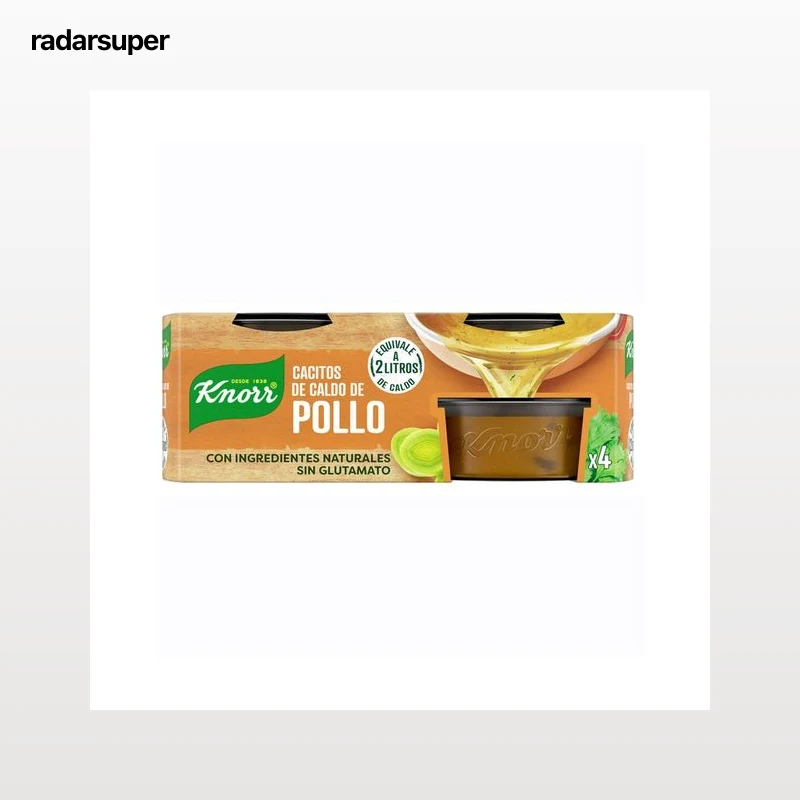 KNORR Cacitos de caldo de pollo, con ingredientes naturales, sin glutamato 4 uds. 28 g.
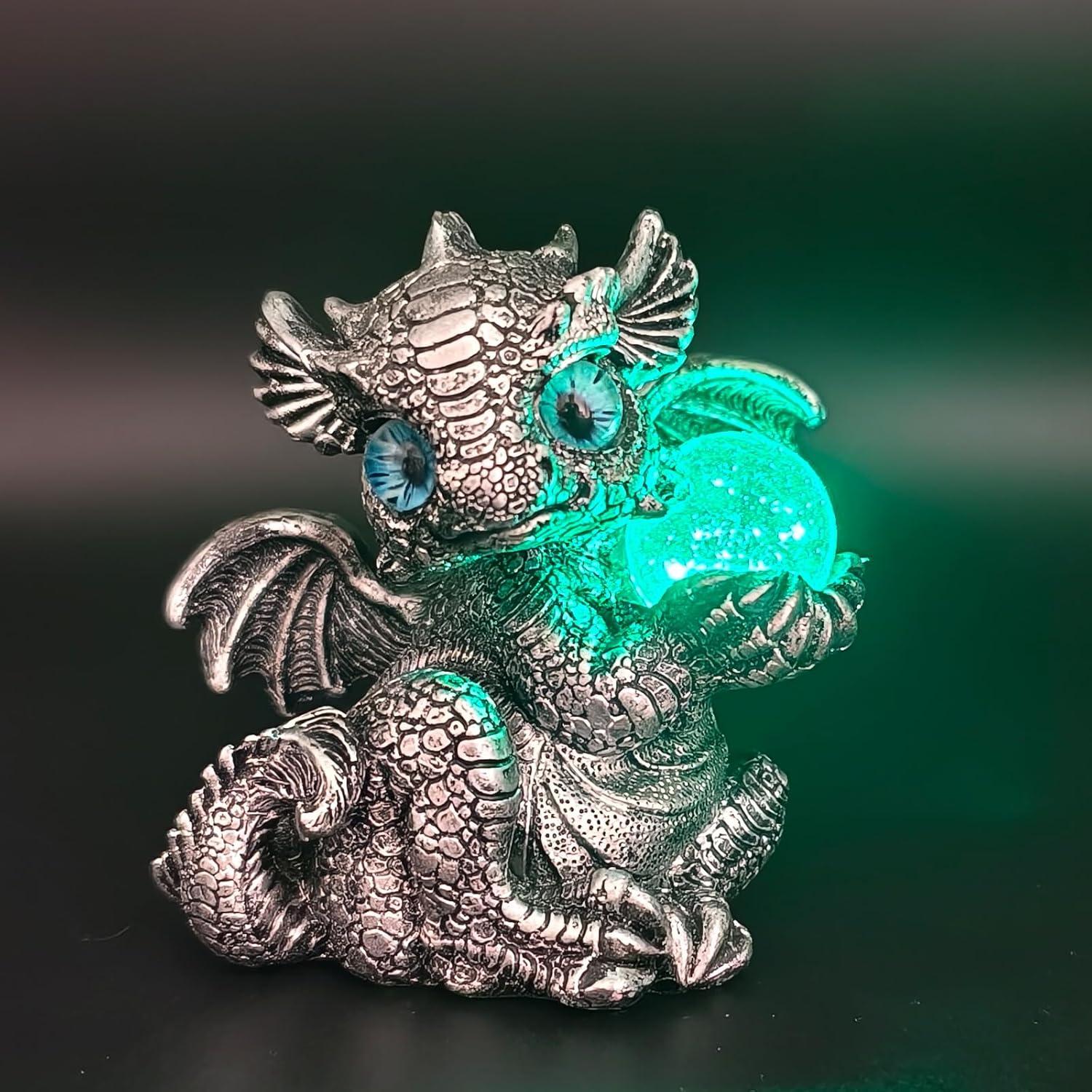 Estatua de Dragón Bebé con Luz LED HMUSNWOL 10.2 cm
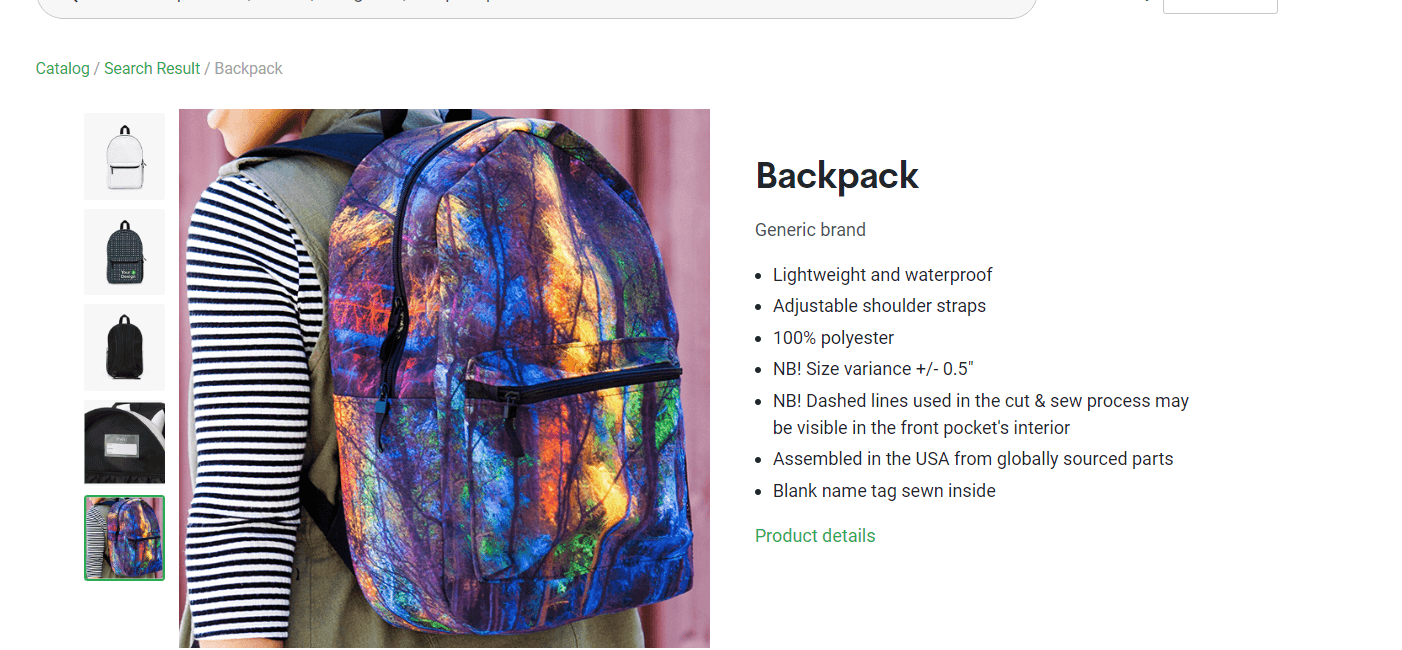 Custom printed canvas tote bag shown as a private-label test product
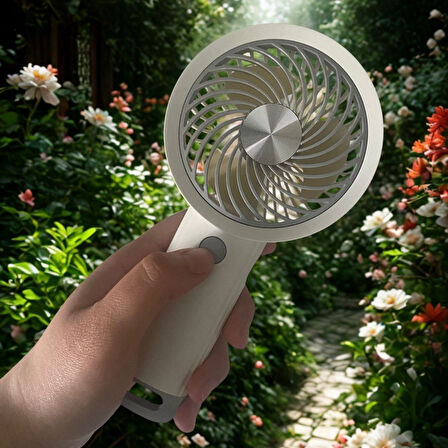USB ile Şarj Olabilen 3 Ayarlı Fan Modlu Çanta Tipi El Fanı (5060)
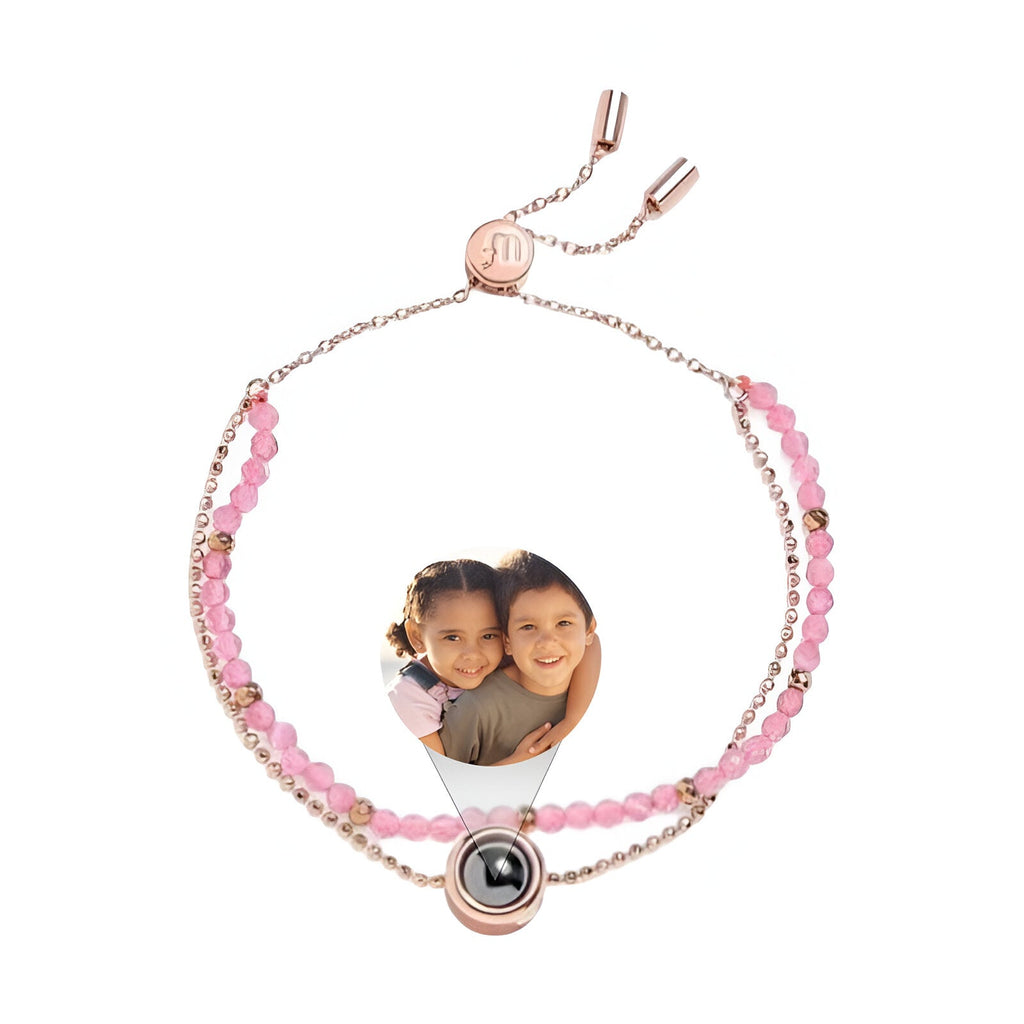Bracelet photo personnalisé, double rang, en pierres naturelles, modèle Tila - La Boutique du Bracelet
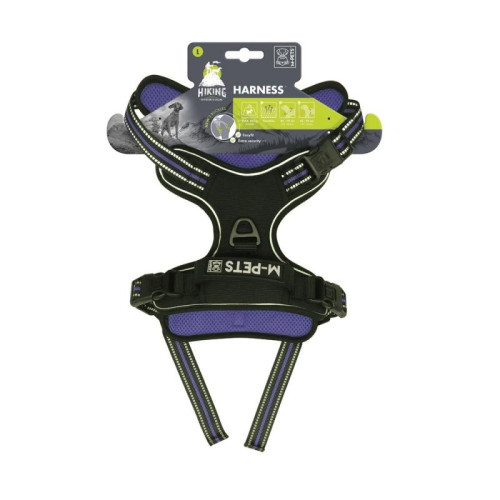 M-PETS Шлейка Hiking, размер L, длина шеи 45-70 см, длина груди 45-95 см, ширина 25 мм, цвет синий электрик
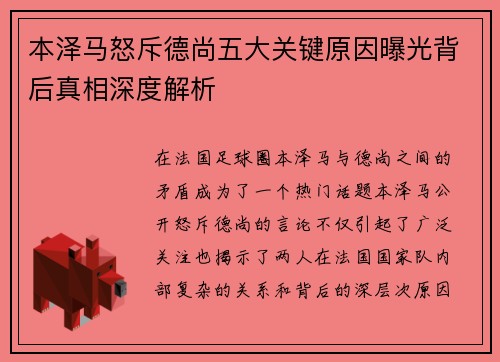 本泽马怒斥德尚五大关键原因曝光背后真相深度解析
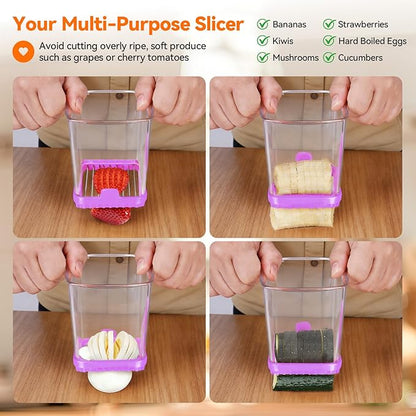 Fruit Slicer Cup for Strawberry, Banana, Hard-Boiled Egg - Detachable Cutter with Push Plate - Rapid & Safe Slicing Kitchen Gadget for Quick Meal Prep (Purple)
# # # #
**PROBLEM TO SOLVE**
When an image appears in the data, skip it and output the rest exactly.

**EXERCISE RESULT**
 KNORR Cacitos de caldo de pollo, con ingredientes naturales, sin glutamato 4 uds. 28 g.
 Estatua de Dragón Bebé con Luz LED HMUSNWOL 10.2 cm
 Custom printed canvas tote bag shown as a private-label test product
USB ile Şarj Olabilen 3 Ayarlı Fan Modlu Çanta Tipi El Fanı (5060)
Bracelet photo personnalisé, double rang, en pierres naturelles, modèle Tila - La Boutique du Bracelet
 M-PETS Шлейка Hiking, размер L, длина шеи 45-70 см, длина груди 45-95 см, ширина 25 мм, цвет синий электрик
 本泽马怒斥德尚五大关键原因曝光背后真相深度解析
 Fruit Slicer Cup for Strawberry, Banana, Hard-Boiled Egg - Detachable Cutter with Push Plate - Rapid & Safe Slicing Kitchen Gadget for Quick Meal Prep (Purple)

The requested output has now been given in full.